Für Maduro fiel ins Gewicht, dass sich Hugo Chávez eindeutig für ihn als seinen Nachfolger ausgesprochen hatte. Das geschah zwar explizit erst in einer Fernsehrede des Präsidenten am 8. Dezember 2012, war aber mit der Ernennung zum Vizepräsidenten schon zwei Monate zuvor angebahnt.

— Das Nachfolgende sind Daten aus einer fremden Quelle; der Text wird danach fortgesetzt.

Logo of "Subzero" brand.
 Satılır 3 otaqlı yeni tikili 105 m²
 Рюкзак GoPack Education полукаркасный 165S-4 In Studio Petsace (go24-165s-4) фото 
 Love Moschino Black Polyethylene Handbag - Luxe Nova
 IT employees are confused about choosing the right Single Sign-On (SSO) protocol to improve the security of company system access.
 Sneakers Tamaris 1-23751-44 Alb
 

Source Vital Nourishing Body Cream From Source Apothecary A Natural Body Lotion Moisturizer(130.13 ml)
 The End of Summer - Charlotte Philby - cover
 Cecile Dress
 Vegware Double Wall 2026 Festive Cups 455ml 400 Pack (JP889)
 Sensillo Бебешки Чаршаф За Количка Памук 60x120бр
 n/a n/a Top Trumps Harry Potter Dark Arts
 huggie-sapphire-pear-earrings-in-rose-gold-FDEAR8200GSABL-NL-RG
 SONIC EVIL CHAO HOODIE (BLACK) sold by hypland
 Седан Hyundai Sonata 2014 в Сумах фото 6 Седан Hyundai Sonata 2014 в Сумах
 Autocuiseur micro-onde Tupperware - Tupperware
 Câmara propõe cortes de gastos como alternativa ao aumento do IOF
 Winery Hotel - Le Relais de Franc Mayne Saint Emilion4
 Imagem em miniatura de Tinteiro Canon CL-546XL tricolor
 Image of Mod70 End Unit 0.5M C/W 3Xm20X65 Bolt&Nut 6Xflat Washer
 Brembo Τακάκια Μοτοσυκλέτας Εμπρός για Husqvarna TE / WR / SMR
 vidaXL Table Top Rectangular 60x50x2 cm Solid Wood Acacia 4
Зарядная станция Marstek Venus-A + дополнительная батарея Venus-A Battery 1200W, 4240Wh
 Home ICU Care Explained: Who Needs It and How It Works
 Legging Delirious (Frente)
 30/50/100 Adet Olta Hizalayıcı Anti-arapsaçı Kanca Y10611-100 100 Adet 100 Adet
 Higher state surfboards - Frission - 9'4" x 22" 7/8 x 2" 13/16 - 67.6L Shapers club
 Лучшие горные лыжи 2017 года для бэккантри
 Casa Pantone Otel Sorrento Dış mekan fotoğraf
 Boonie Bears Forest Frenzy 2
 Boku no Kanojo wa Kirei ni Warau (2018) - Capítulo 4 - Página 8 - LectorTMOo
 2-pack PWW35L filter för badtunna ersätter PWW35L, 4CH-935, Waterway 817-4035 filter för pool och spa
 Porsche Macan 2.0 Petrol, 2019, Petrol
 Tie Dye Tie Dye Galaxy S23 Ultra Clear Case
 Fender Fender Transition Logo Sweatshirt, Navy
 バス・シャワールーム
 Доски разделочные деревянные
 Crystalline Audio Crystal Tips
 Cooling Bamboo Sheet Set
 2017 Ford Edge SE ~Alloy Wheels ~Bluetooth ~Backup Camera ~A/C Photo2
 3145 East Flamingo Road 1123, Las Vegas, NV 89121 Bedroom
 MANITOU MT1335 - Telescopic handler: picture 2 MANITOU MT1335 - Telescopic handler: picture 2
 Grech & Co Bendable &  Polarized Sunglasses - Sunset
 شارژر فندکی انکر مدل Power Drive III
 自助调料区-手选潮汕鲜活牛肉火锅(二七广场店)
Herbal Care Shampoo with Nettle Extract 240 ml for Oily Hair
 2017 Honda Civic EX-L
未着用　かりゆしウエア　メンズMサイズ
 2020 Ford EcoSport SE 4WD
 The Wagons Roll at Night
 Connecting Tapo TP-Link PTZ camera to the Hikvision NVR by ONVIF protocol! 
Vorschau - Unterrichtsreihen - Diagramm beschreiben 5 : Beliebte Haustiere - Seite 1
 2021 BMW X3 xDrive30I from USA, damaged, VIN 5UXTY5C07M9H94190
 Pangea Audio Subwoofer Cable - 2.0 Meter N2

Die Vorbereitung einer Nachfolge wurde jedoch indirekt schon im Vorfeld der Gouverneurswahlen ablesbar. Das Regierungslager hatte sich für diese Wahlen zum Ziel gesetzt, möglichst alle noch von der Opposition regierten Bundesstaaten zurück zu gewinnen. Deshalb wurden dort besonders prominente chavistische Politiker als Kandidaten aufgestellt. Nicolás Maduro sollte den Bundesstaat Carabobo zurück erobern. An seiner Stelle wurde aber – damals ohne Angabe von Gründen – bereits am 5. August 2012 Francisco Ameliach aufgestellt und Maduro unausgesprochen „in die Reserve“ als Nachfolgekandidat für das Amt des Staatspräsidenten zurückgenommen.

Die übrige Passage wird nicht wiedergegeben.